Pour Félix Tshisekedi, les articles à revoir sont ceux qui ont été soulevés lors des états généraux de la justice par des panelistes venus de tout le Congo. Il a également souligné l’article 217 de la Constitution congolaise, qui demande à la RDC d’abandonner une partie de sa souveraineté pour « promouvoir l’unité africaine ».
« Demander aux Congolais de ne pas revoir leur Constitution alors qu’il y a cet article 217 qui consacre la vente de notre souveraineté à des États africains, n’est-ce pas une aberration ? Et nous n’avons pas le droit de revisiter cela ? Il y a des hommes de Dieu qui ont osé prendre la parole pour défendre cette ignominie.
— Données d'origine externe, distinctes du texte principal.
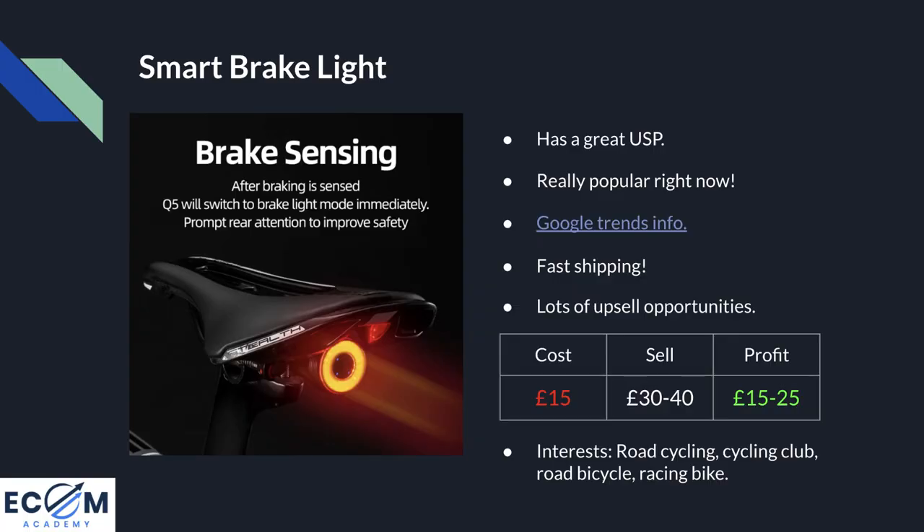When you're in the dark you need to stay safe, especially if you're on the road. Products like this brake light for your bike spike in popularity massively — I'll show you that using the Google Trends info. The reason this product makes the list is not just because it's a brake light, but because it has a great USP. When selling on social media, which is a busy space, you need a product with a really unique USP or wow factor to capture people's attention.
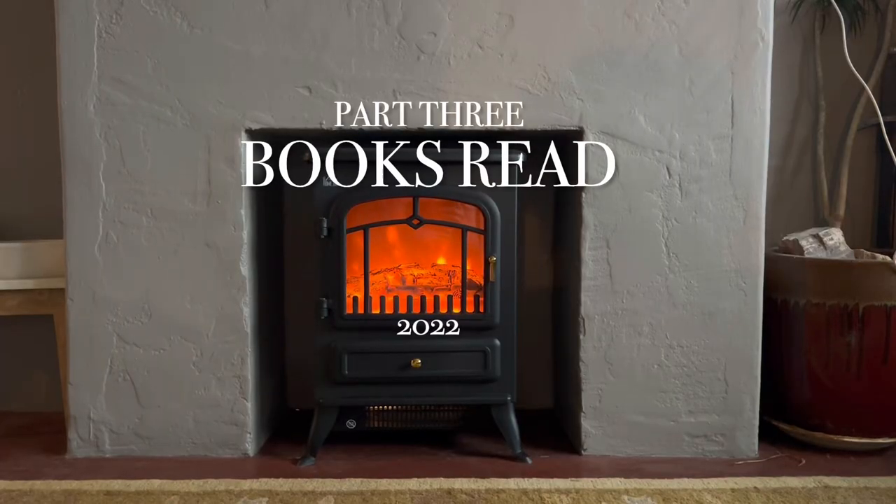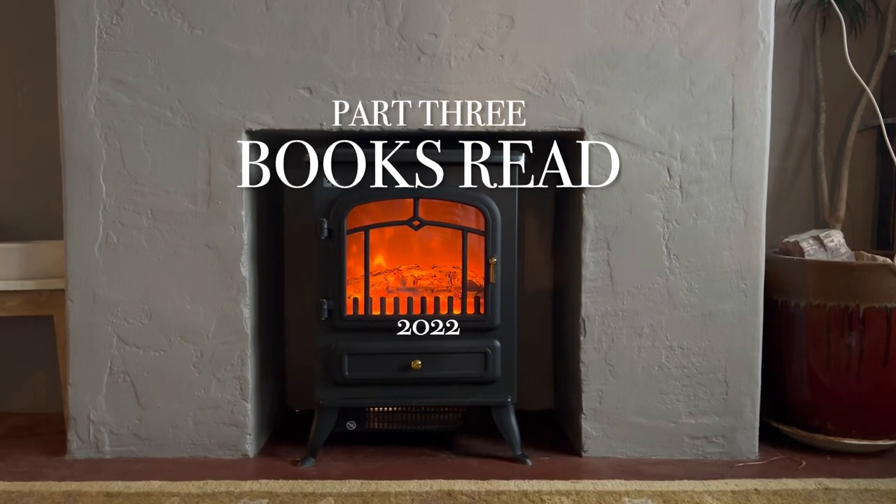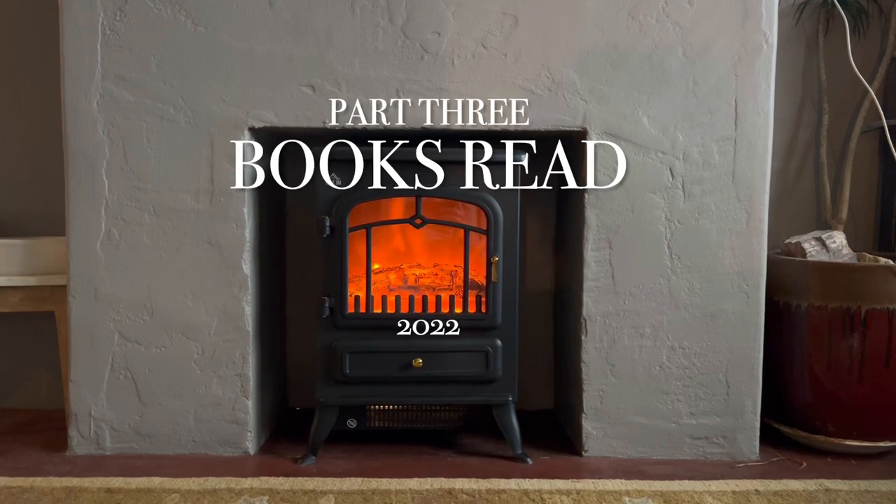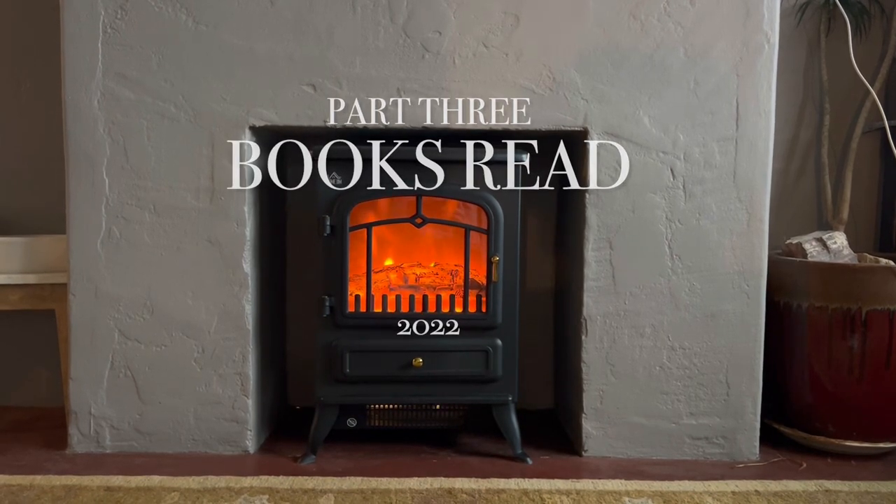Hello and welcome. This is Books I Have Read in 2022. This is the very last part of this three-part series. Let's just get started.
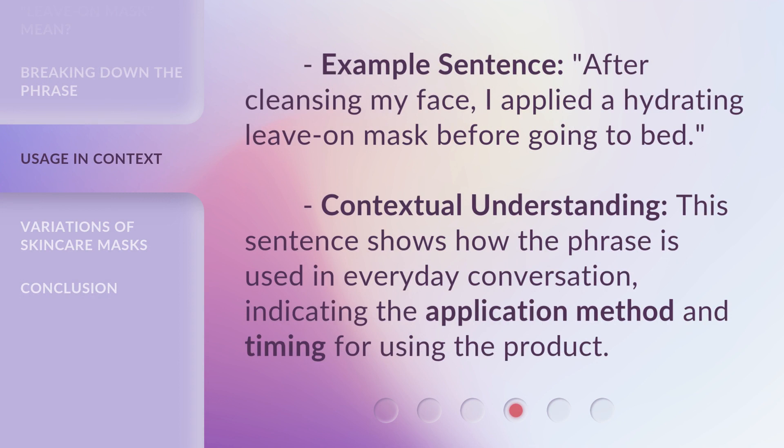Example sentence: After cleansing my face, I applied a hydrating Leave on Mask before going to bed. Contextual understanding: this sentence shows how the phrase is used in everyday conversation, indicating the application method and timing for using the product.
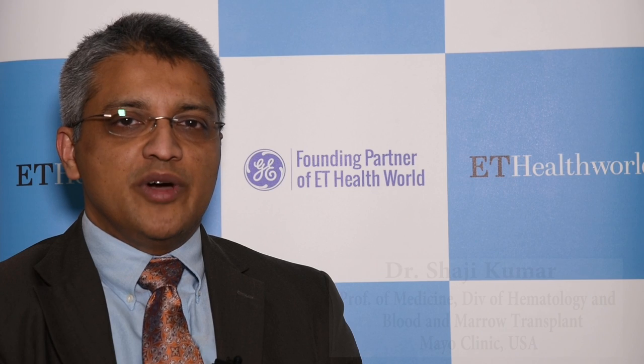My name is Shaji Kumar. I'm a professor of medicine and the division of hematology at Mayo Clinic in Rochester, Minnesota.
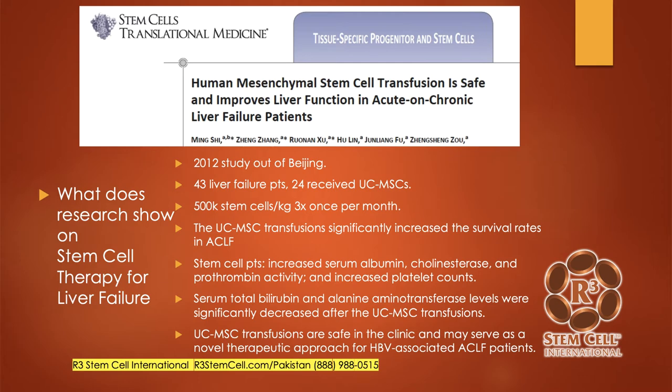So let's look at some stem cell therapy papers for liver failure. Stem cell therapy is a new paradigm. It can help repair and regenerate damaged tissue as opposed to simply just treating symptoms like a band-aid.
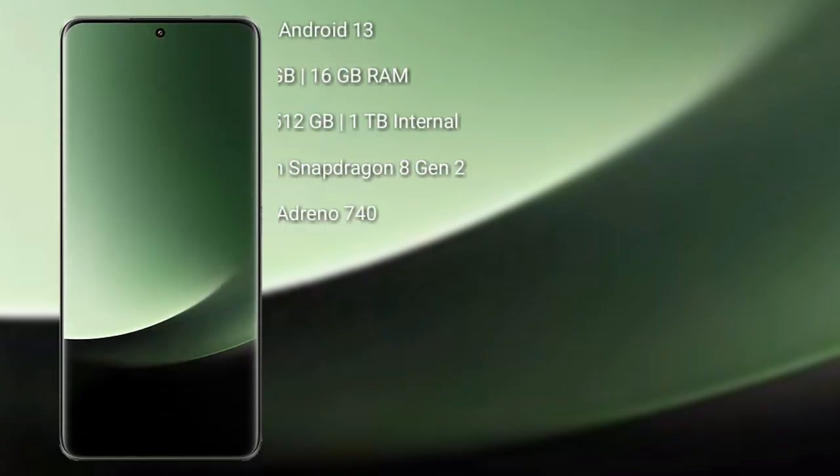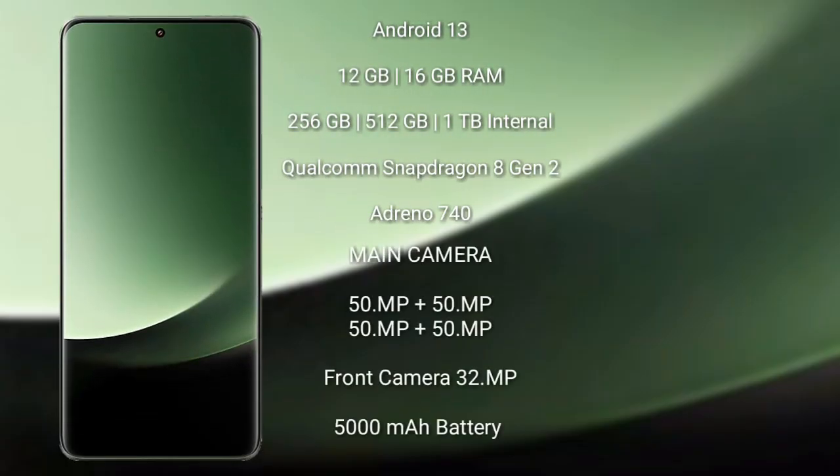Xiaomi 13 Ultra runs on the Android 13 operating system. It comes with 12GB or 16GB RAM, 256GB, 512GB, or 1TB internal storage, Qualcomm Snapdragon 8 Gen 2 processor, GPU Adreno 740. Xiaomi 13 Ultra has a rear quad camera setup: 50 megapixel plus 50 megapixel plus 50 megapixel plus 50 megapixel, and a front camera of 32 megapixel.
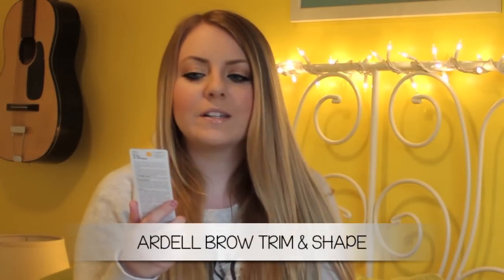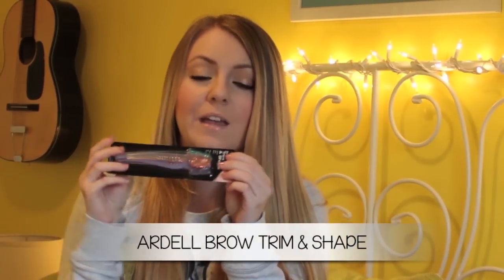Moving on to beauty tools: the Beauty Blender — so soft and nice. I love using this with foundation; it just blends it in so nicely and makes your skin look so natural. It gives your skin such a nice airbrush finish. You can find it at Sephora, and I might stock up on another one because mine is starting to get stained. And the last product is from Ardell — the Brow Trim and Shape Little Razors. These are great if you do your eyebrows yourself and really want a nice arch shape; they give your eyebrows a perfect shape.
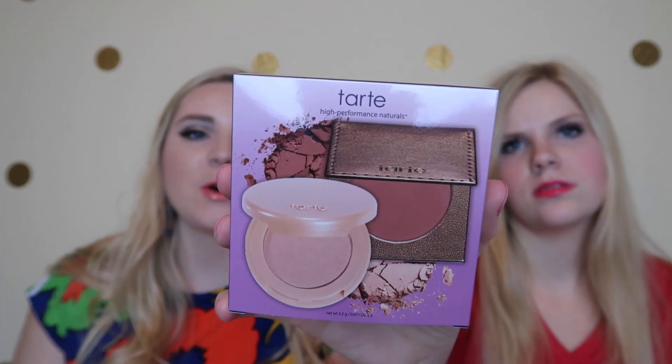Howdy guys, Courtney here and I'm Carly, and today we're going to be reviewing this new little Tarte kit. It says Bronze and Glow — it is a glow girl — so it is a bronzer and highlighter duo. This originally came out at Sephora and it's $16.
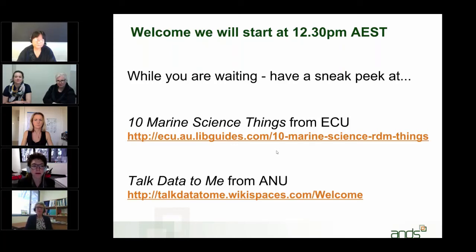Welcome everyone. Welcome to our webinar for today: Meeting the Most Unmet Need — RDM Training for Researchers, Higher Degree Research Students, and indeed Data Trainers.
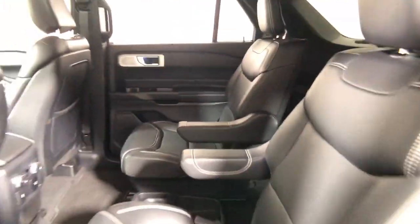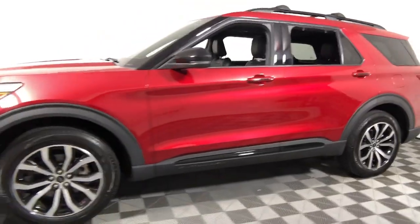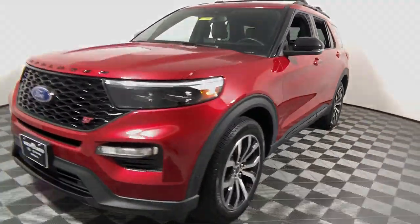These are just some of the great options this vehicle comes with: navigation system, sun/moonroof, keyless entry, and power passenger seat.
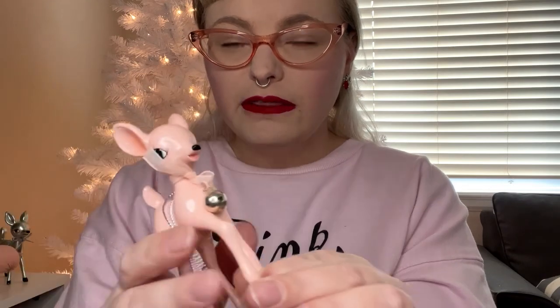Lastly, World Market of course had a lot of their mid-century stuff again. This is a pink deer ornament with a little bell. They also had a mint one and a more turquoise one. This was on sale when I got it, but normally they're $7.99.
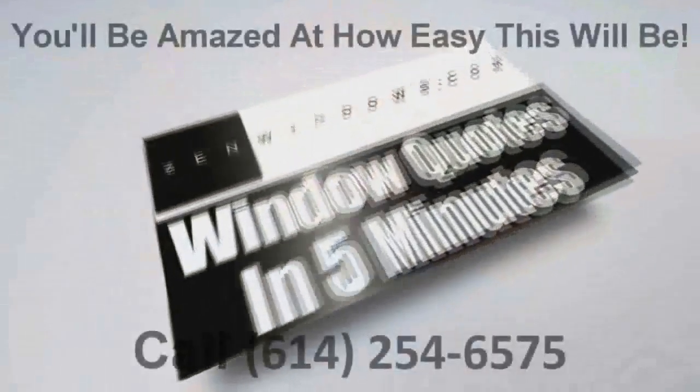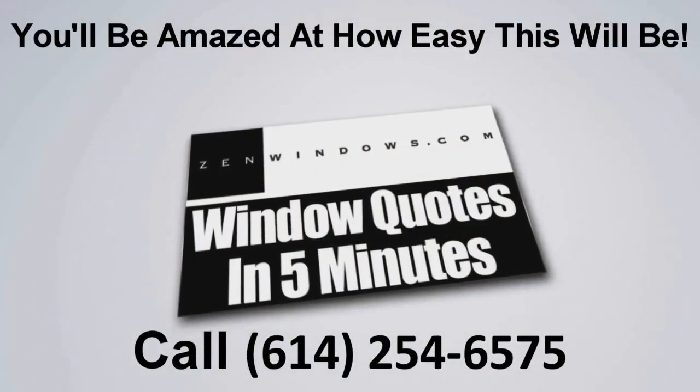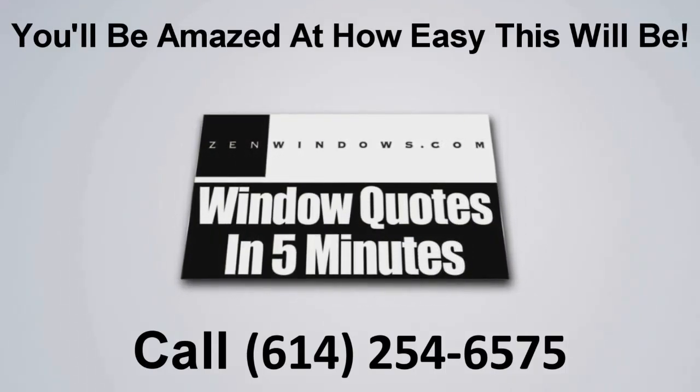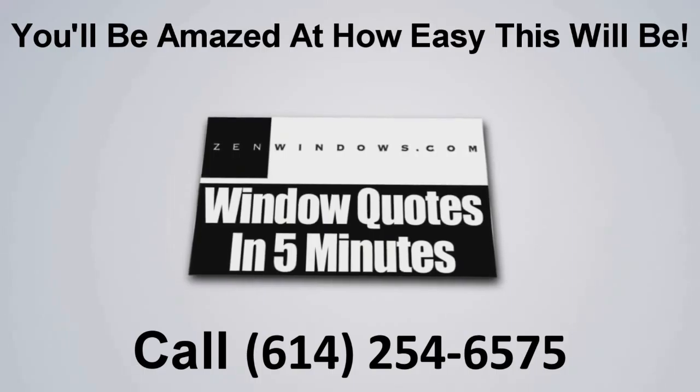My name is Dan Rolt, president and founder of Zen Windows. If you're looking for windows, it's very simple — go to zenwindows.com. Email me what you need, and I will get your quote within five minutes, as well as everything else you need to make a great purchasing decision and investment in your own home. I'll see you next time.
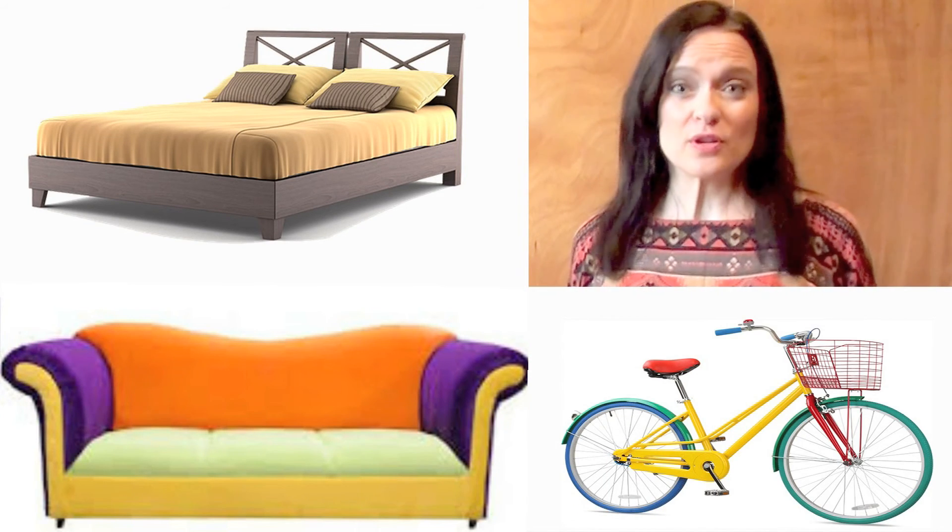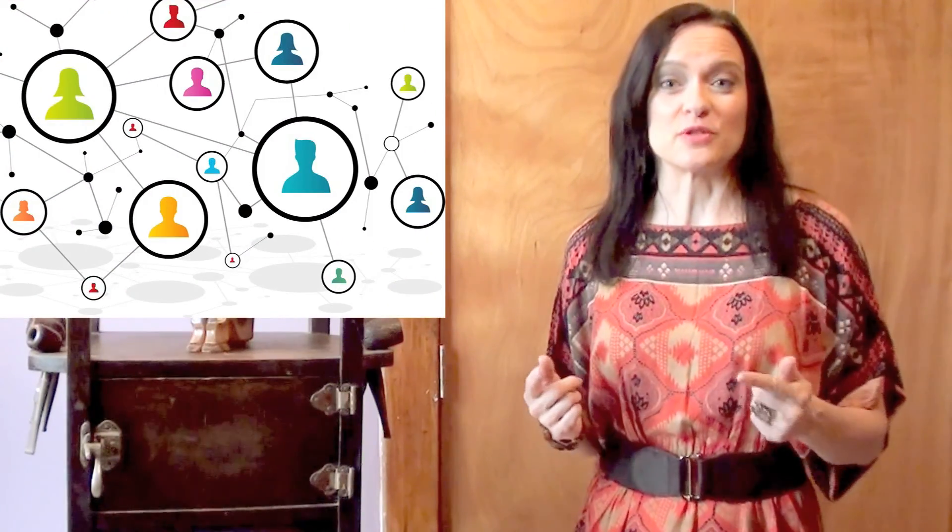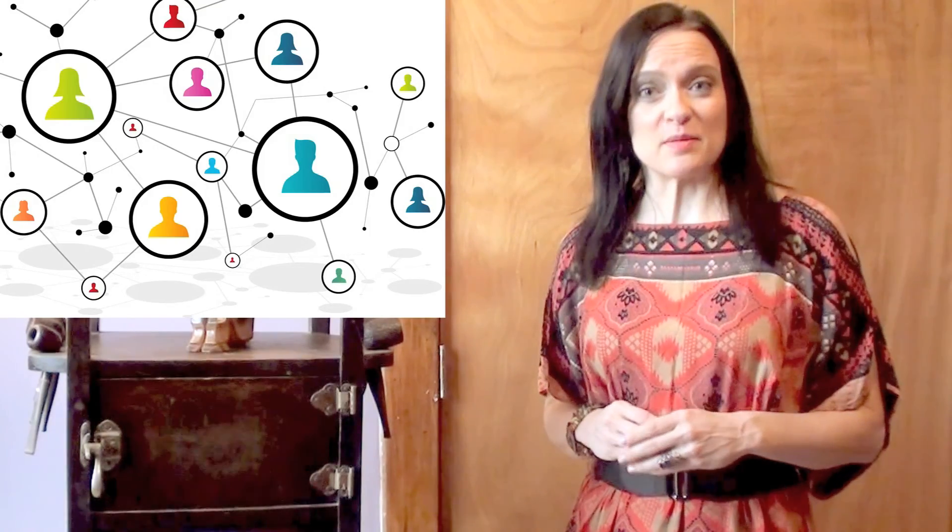Furniture that's not antique, brand name, or in really good condition is not really that easy to sell. Furniture pieces like couches, beds, bikes, and baby strollers are really heavy and therefore super expensive to ship. First, start by asking your friends and family and using your social network — maybe one of them wants to buy it from you.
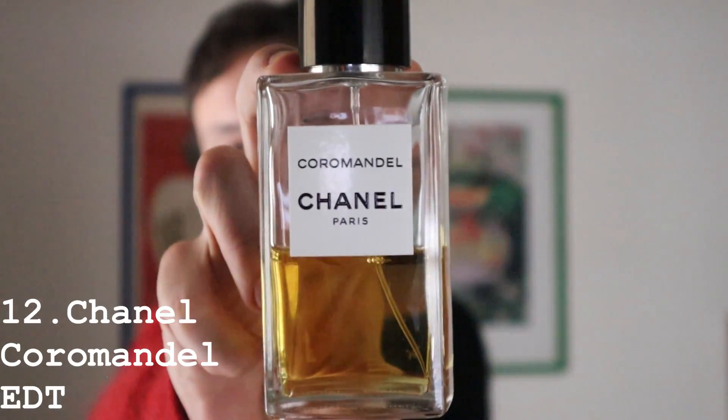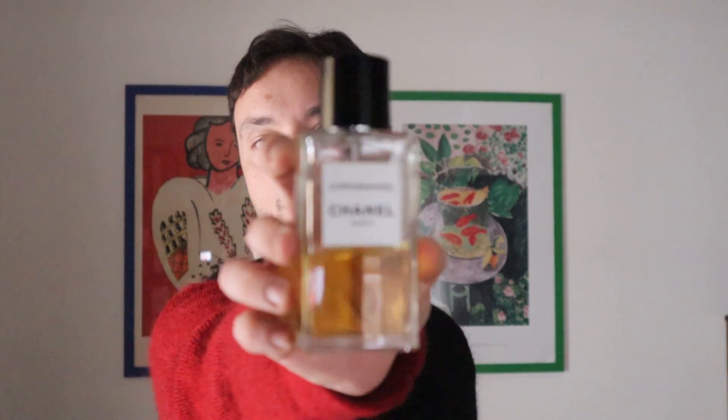Patchouli is one of my favorite raw materials, so I couldn't make a winter top 20 list without adding Chanel Coromandel — this is the Eau de Toilette. What can I say? You have this earthy patchouli — exceptional quality — with a ganache chocolate sweetness, beautiful citrus in the opening, and some woody and musk notes in the background. Incredible. One of the best from Les Exclusifs. Number 12: Coromandel by Chanel.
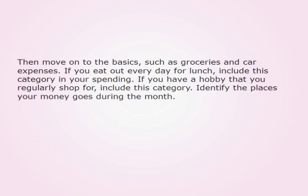Then move on to the basics, such as groceries and car expenses. If you eat out every day for lunch, include this category in your spending. If you have a hobby that you regularly shop for, include this category. Identify the places your money goes during the month.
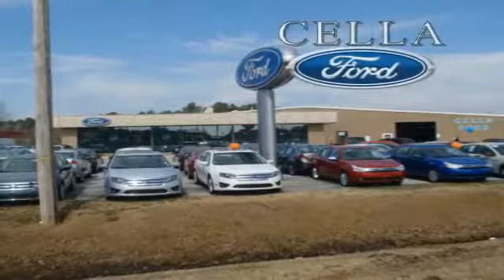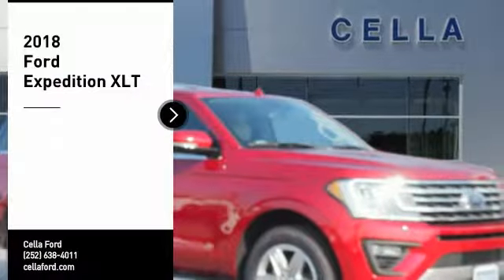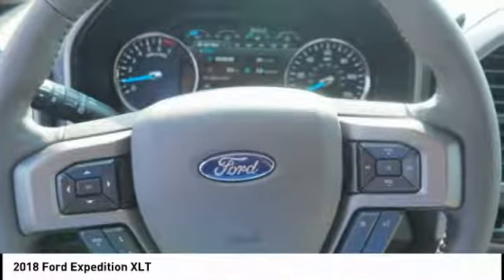Sell a Ford, creating customers for life. Looking for the right vehicle? Check out the 2018 Expedition. Powerful, controlled, resourceful. Expedition.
Le pays est en danger. Je suis l’un des Congolais les mieux placés pour comprendre cela », a-t-il déclaré.
Et d’ajouter : « On nous dit de ne pas toucher à cela (art. 217), qui est celui-là qui va m’interdire, moi, garant de la nation, de le faire ? »
Retour sur la commission qui va repenser la Constitution en 2025
Tshisekedi a également réaffirmé son engagement à mettre en place une commission composée des Congolais pour réfléchir sur la loi fondamentale du Congo, qu’il a qualifiée « d’étrangère et rédigée par des étrangers ».
« Leurs propositions vous seront présentées, d’abord à travers vos élus, et si nécessaire, nous consulterons le peuple congolais pour qu’il décide lui-même s’il doit s’arrêter à la révision ou opter pour un changement complet de la Constitution. Et personne ne changera mon avis sur cette question », a-t-il ajouté.
Il a en outre mis en garde tous les politiciens ou autres personnes qui tenteraient de manipuler la population sur cette question, demandant à la justice de s’en occuper en cas de résistance.